There is a clear positive relationship between total steps and calories burned. Users who take more steps consistently burn more calories, reinforcing the value of step-based activity as a simple and effective health metric.
Lightly active and sedentary minutes dominate daily activity patterns, while very active minutes are comparatively limited. This suggests that many users engage in movement but may struggle to reach higher-intensity activity levels.
Average activity intensity peaks during daytime hours and declines significantly at night. This reflects typical daily routines and highlights opportunities for timely nudges during peak activity windows.

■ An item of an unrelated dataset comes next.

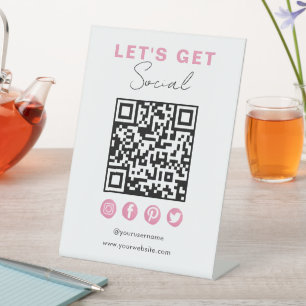 Moderne, weiße Rosa Verbindung mit QR-Code Sockelschild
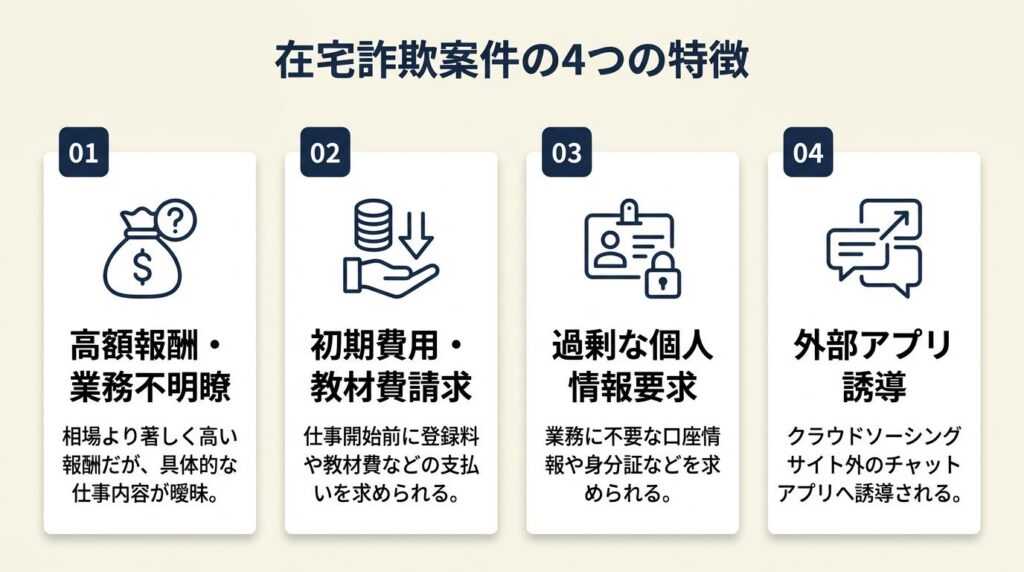 在宅詐欺案件は4つの特徴で見分ける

Sleep duration varies considerably among users who track sleep. While this dataset is smaller, it provides useful context for understanding how activity and rest may interact for engaged users.
Since steps strongly correlate with calorie burn, Bellabeat can emphasize personalized daily step goals that adapt to user activity history rather than fixed targets. This lowers the barrier for less active users while still motivating improvement.
Given the dominance of light activity, Bellabeat can introduce micro-workout prompts (5–10 minutes) that encourage users to transition from light to moderate or vigorous activity, especially during peak daytime hours.
Activity intensity patterns suggest optimal times for engagement. Bellabeat can send context-aware reminders during periods when users are most likely to be active, increasing the effectiveness of in-app nudges.
For users who track sleep, Bellabeat can tailor activity suggestions based on sleep duration, promoting recovery-aware fitness guidance and reinforcing Bellabeat’s holistic health positioning.
The limited use of weight and sleep tracking suggests an opportunity to educate users on the benefits of logging these metrics. Clear messaging on how these features enhance personalized insights could increase adoption.
These insights highlight opportunities for Bellabeat to increase user engagement by promoting achievable activity goals, timely interventions, and personalized health guidance aligned with real-world user behavior.
Thank you for your interest in my Bellabeat Case Study!
This project represents my first end-to-end case study using R for data cleaning, analysis, and visualization. I welcome feedback and suggestions for further improvement.